Apologia da mediocridade


Diálogo imaginário entre dois amigos, sentados numa mesa de bar a tomar uma cerveja gelada.

- Pois é, rapaz. A partir de amanhã, perco o meu emprego. O presidente eleito já anunciou que o Ministério da Cultura vai acabar. O quê que eu vou fazer da minha vida?

- Ué? Se fosse comigo, começaria a estudar de novo, tentar passar num outro concurso, sei lá, ou qualquer outra coisa.

- Mas você entende que não é tão simples assim, né? Estudar para um concurso leva tempo e a procura por “qualquer outra coisa” na minha área de atuação, no atual cenário de desemprego, pode ser desesperadamente longa. Não vou conseguir realocação no mercado de trabalho num passe de mágica, não é um simples “querer é poder”, estória para boi dormir.

- Tudo bem. Mas, nesse meio tempo, imagino que você tenha alguma reserva financeira para agüentar um período transitório de turbulência econômica.

- Não, não tenho reserva financeira.

- Olha, então vai dirigir Uber, cara. Se vira nos trinta, como dizem por aí.

- Essa sua sugestão fez-me lembrar dos russos logo após o fim da União Soviética, obrigados a “se virar nos trinta”, como você diz, pra sobreviver no eldorado do Tio Sam atrás do volante de um táxi, renomados cientistas e professores universitários relegados involuntariamente à insignificância intelectual, desprezados, descartados. E eu tenho tanto a contribuir com as políticas públicas de cultura do nosso país! Ao longo dos últimos muitos anos, capacitei-me profissionalmente e recuso-me a olhar para meus diplomas de mestrado e doutorado como mero enfeite na parede da sala. O Estado brasileiro investiu na minha formação como gestor público, e agora vem este mesmo Estado e diz que não precisa mais dos meus serviços.

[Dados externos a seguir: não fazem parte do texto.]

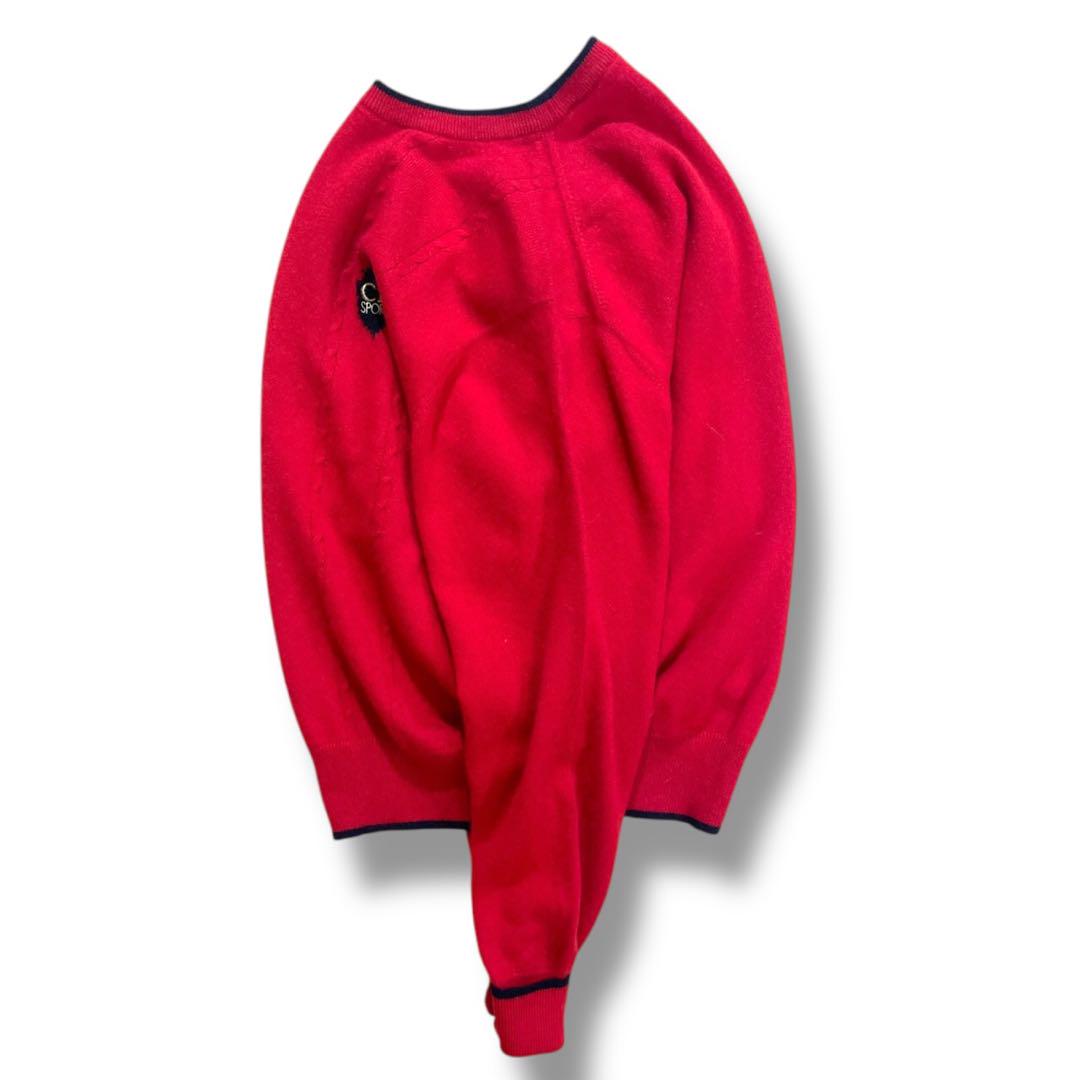 定番 90s Christian Dior カシミヤ 100％ セーター ニット 赤 トップス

- Mas para quê serve o Ministério da Cultura, afinal? Acho até que esse negócio de cultura é coisa de comunista e subversivo, de vagabundo que fica pensando, maconheiro, desocupado, filhinho de papai. Cabeça vazia é oficina do diabo, já dizia meu pai.

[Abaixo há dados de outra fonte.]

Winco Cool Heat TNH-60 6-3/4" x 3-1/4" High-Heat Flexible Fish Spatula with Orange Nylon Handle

- Meu caro, a Cultura não “serve”para nada, porque a Cultura não segue a lógica utilitarista. A Cultura é, e ponto. Ela é o que nos torna humanos. São os óculos através dos quais experimentamos e interpretamos nossa existência, nossa visão de mundo, nossas crenças e valores incorporados em identidades, máscaras sociais, representações simbólicas, sentimento de pertencimento e auto-estima. Valorizar a Cultura significa valorizar a democracia, a diversidade, a pluralidade, a polissemia das narrativas, o respeito ao “outro”, a empatia, a solidariedade. A Cultura é o bastião de resistência ao arbítrio, à intolerância, à violência, ao genocídio.

- Representações simbólicas? Polissemia? Arbítrio? Acho melhor você suspender a birita, hein...

- Meu caro, voltando à sua sugestão, de que eu vá dirigir um Uber. Toda profissão é digna. Indigno é você ser impedido de exercer sua profissão porque o governo de turno, legitimado por muitíssima gente que pensa como ele, você inclusive, decide que sua atividade profissional não vale para nada, ou melhor, que sua atividade profissional é “perigosa” porque “faz pensar” e pensar dá trabalho. Vivemos um período de mediocridade intelectual, de “cultura do GPS”, de anti-intelectualismo, desprezo pelo conhecimento e irracionalidade. Nelson Rodrigues, meu reacionário favorito, tinha razão: “os idiotas vão tomar conta do mundo; não pela capacidade, mas pela quantidade. Eles são muitos”. 

- Nossa, que mau humor. A gente tem que torcer a favor, tudo em nome do Brasil, pra frente Brasil! Pensando, morreu um burro. Desce mais uma cerveja, compadre.



Comentários

Anônimo disse…
Que texto gostoso de ler, me lembrou Verissimo, Ubaldo e Cony, mas acho que ninguem mais se lembra de imortais hoje em dia.